## WHAT THE TASK REQUIRES:
Print, word for word, the opening line of the data below and every line after it through the line that contains "Snapshot of aaronn_12", but not the pictures.

PROVIDED MATERIAL Start Marker

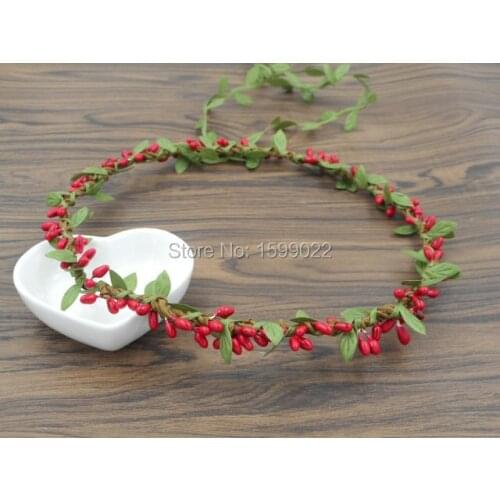 Rustic Red Pip Berry Stem Headband Bohemian Hair Accesoires Foliage Bridesmaid Flower Crown Christmas Forest Photoshoot Props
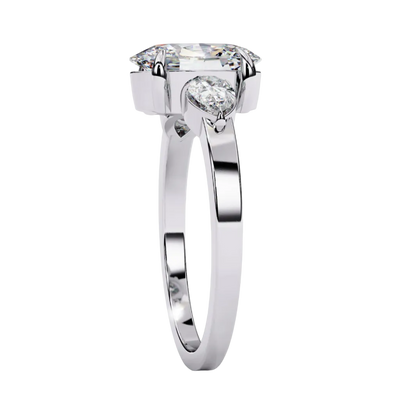 Side profile of white gold oval diamond ring band.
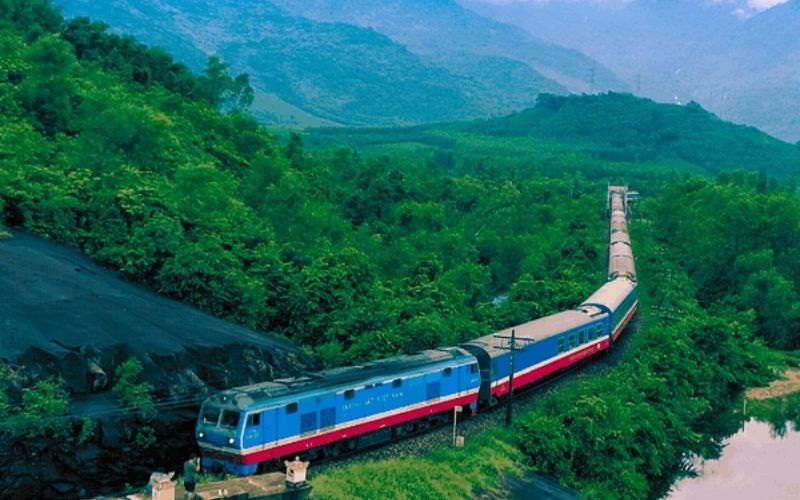 Kinh nghiệm đi tàu dịp Tết 2025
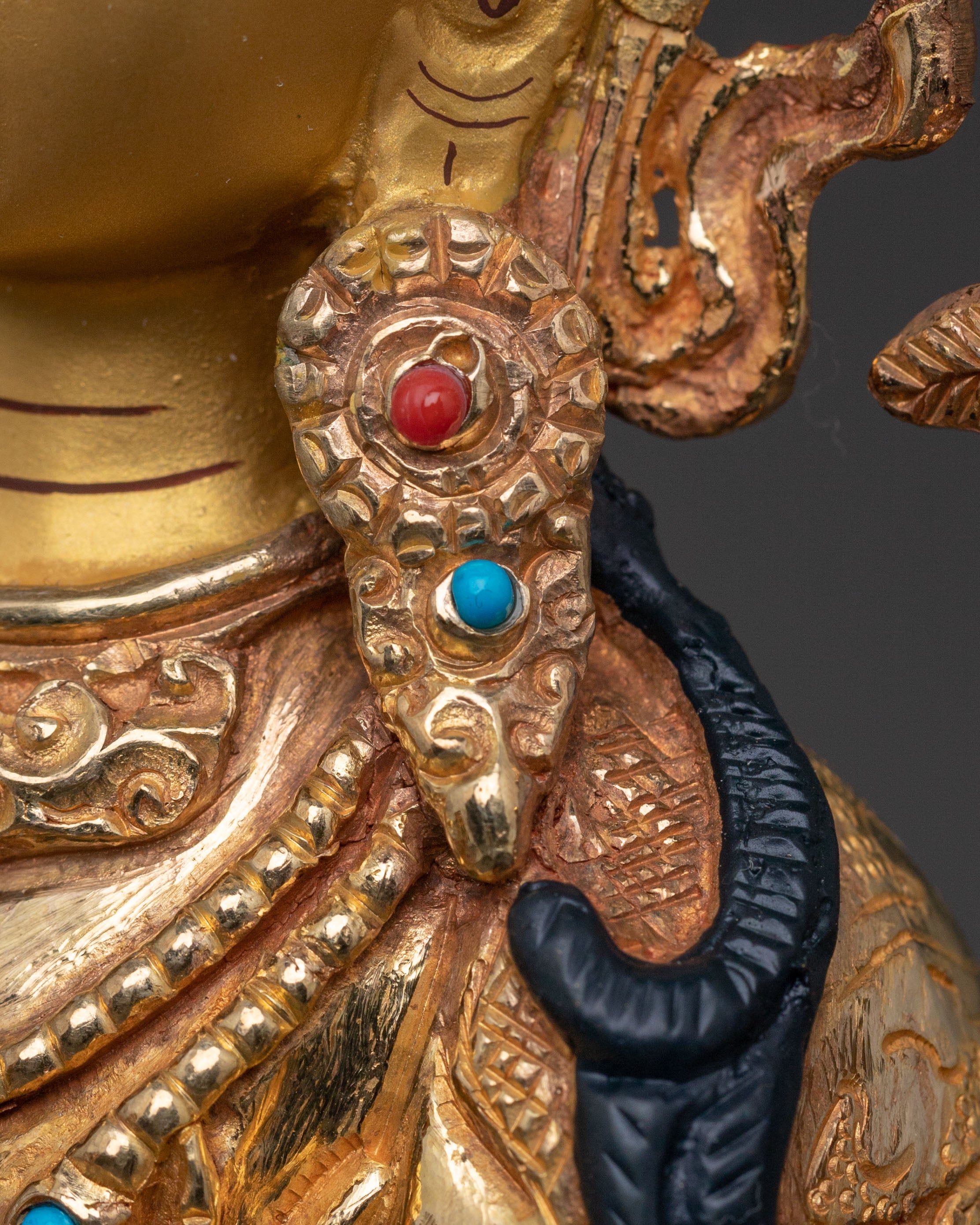 Chenrezig Spiritual Statue: Symbol of Universal Love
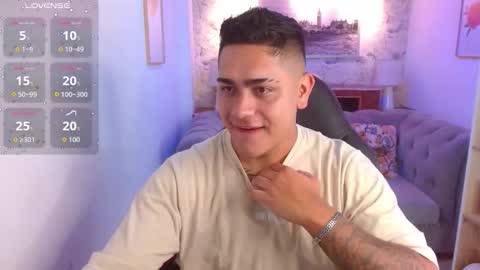 Snapshot of aaronn_12 chatting on 09.20.25 Aaron online show from 09.20.25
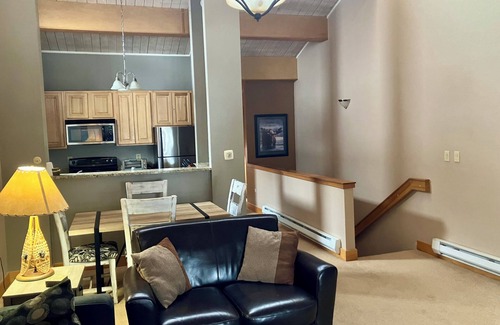 Warrior's Mark Condo | In Town Vacation Rental within Walking Distance to Slopes, Bike Trails & Main St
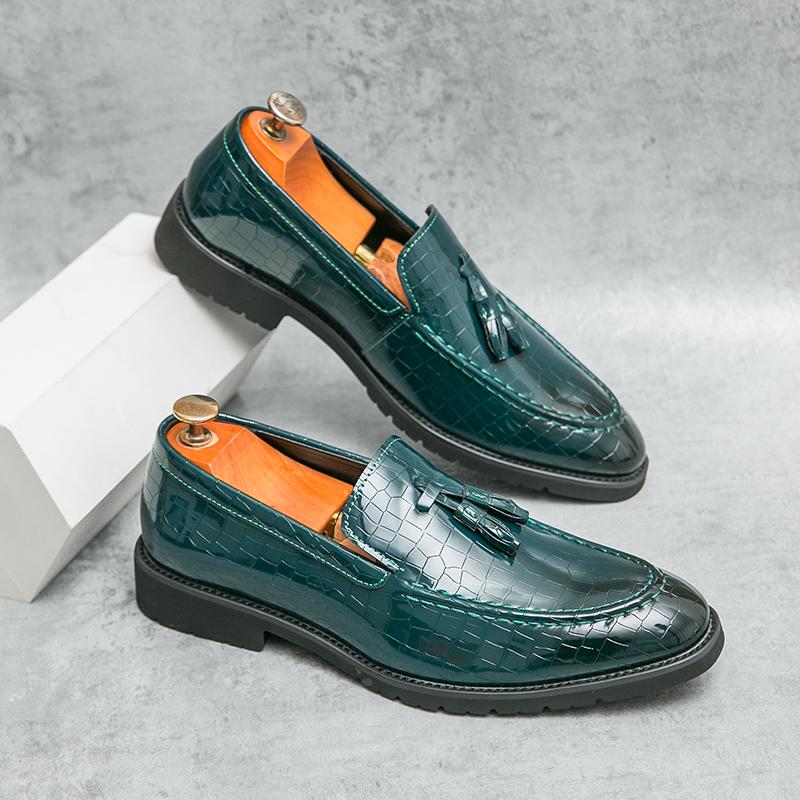 New Luxury Business Crocodile Pattern Leather Loafers Driving Shoes Formal Tassel Shoes Men's Leisure Slip-on Pea Shoes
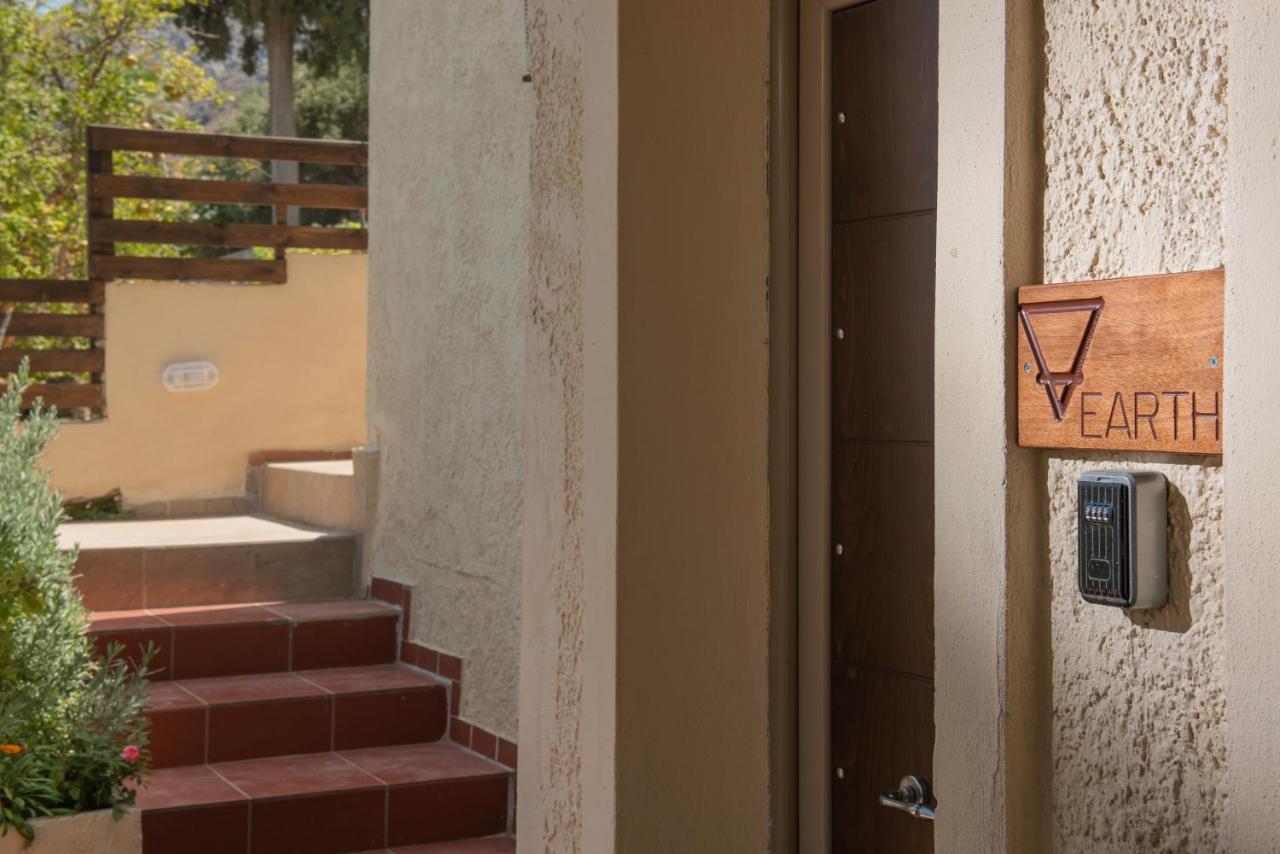 4 Elements Holiday Homes Hersonissos  Exterior photo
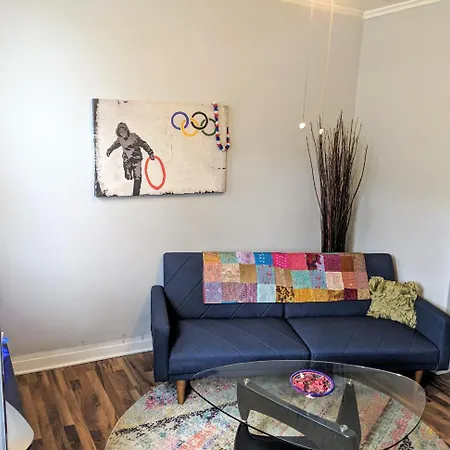 Pet Friendly! Colorful And Cozy - A Great Place To Call While Visiting The Windy City Apts * Chicago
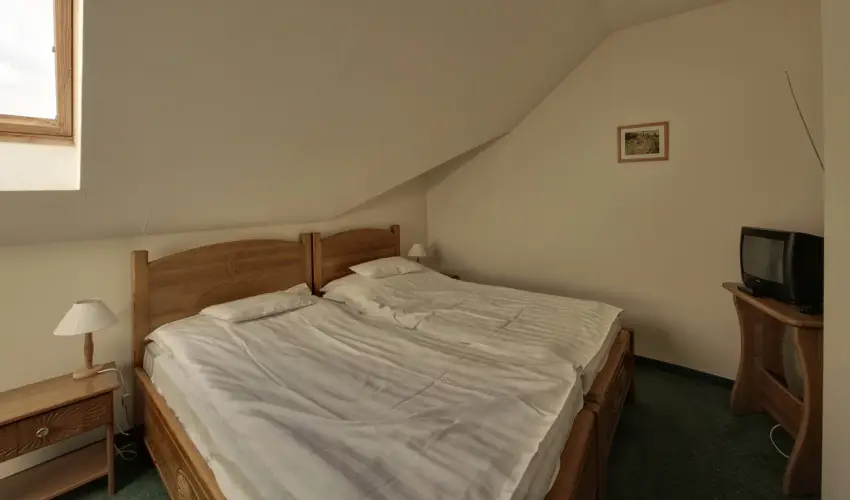 Szent Hubertus Panzi� Par�dsasv�r - P�nk�sd (min. 2 �j)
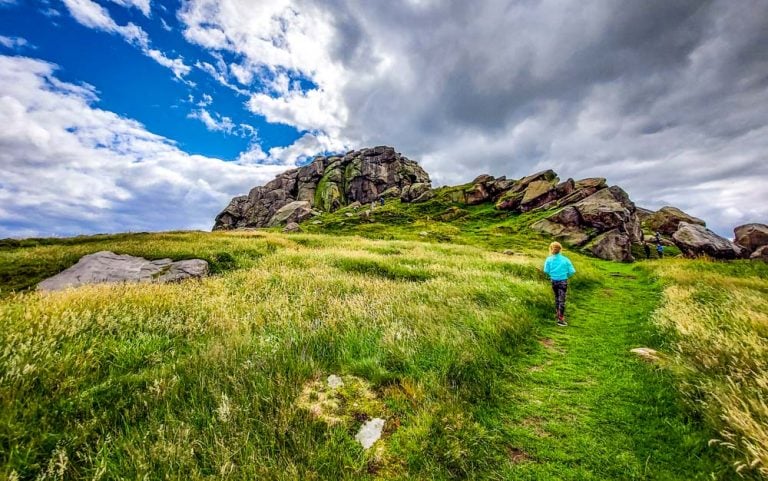 Almscliffe Crag – Exploring Above Lower Wharfe Valley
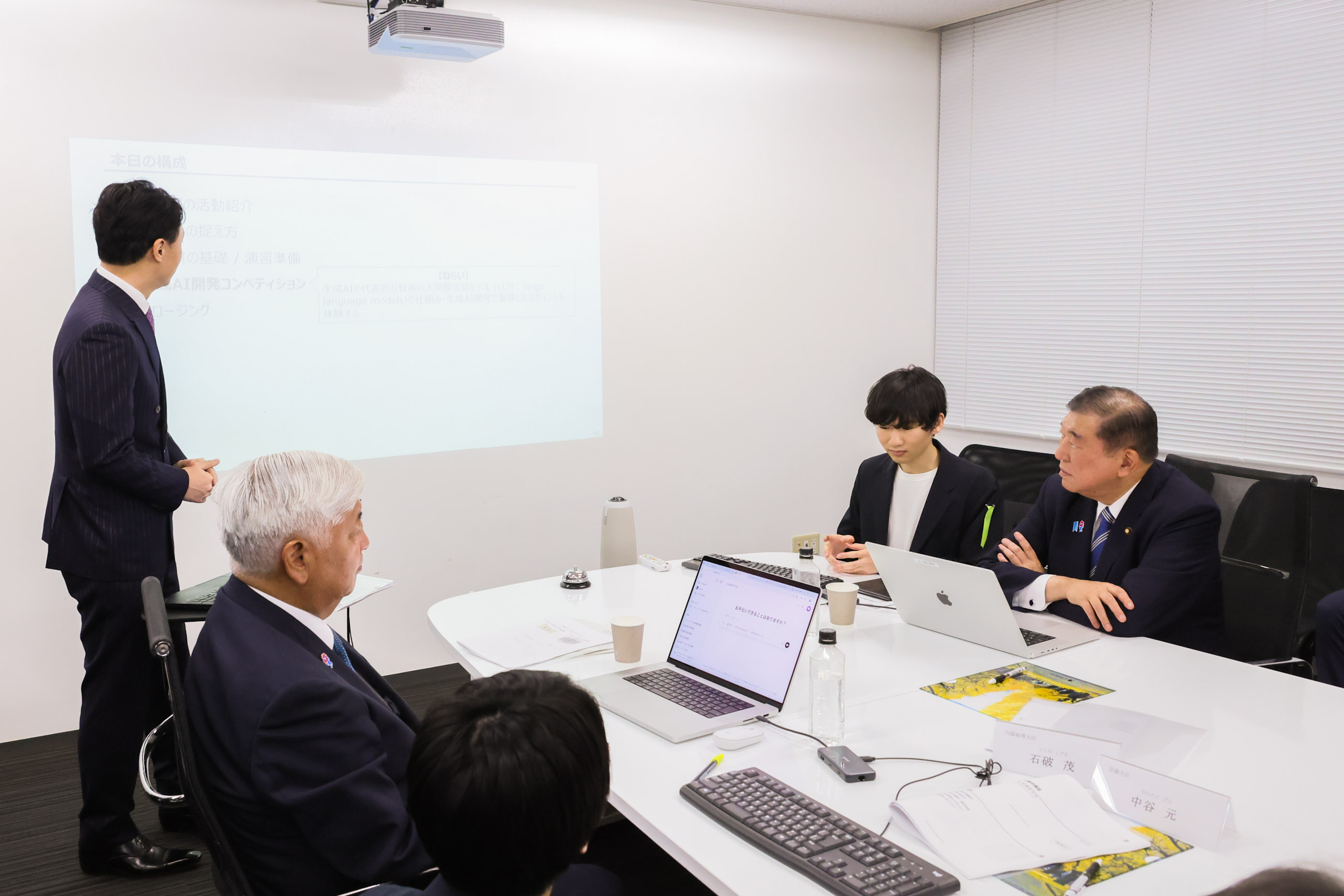 生成ＡＩ集中講座を受講する石破総理２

PROVIDED MATERIAL End Marker

## ANSWER FOR THIS EXERCISE:
 Rustic Red Pip Berry Stem Headband Bohemian Hair Accesoires Foliage Bridesmaid Flower Crown Christmas Forest Photoshoot Props
 Side profile of white gold oval diamond ring band.
 Kinh nghiệm đi tàu dịp Tết 2025
 Chenrezig Spiritual Statue: Symbol of Universal Love
 Snapshot of aaronn_12 chatting on 09.20.25 Aaron online show from 09.20.25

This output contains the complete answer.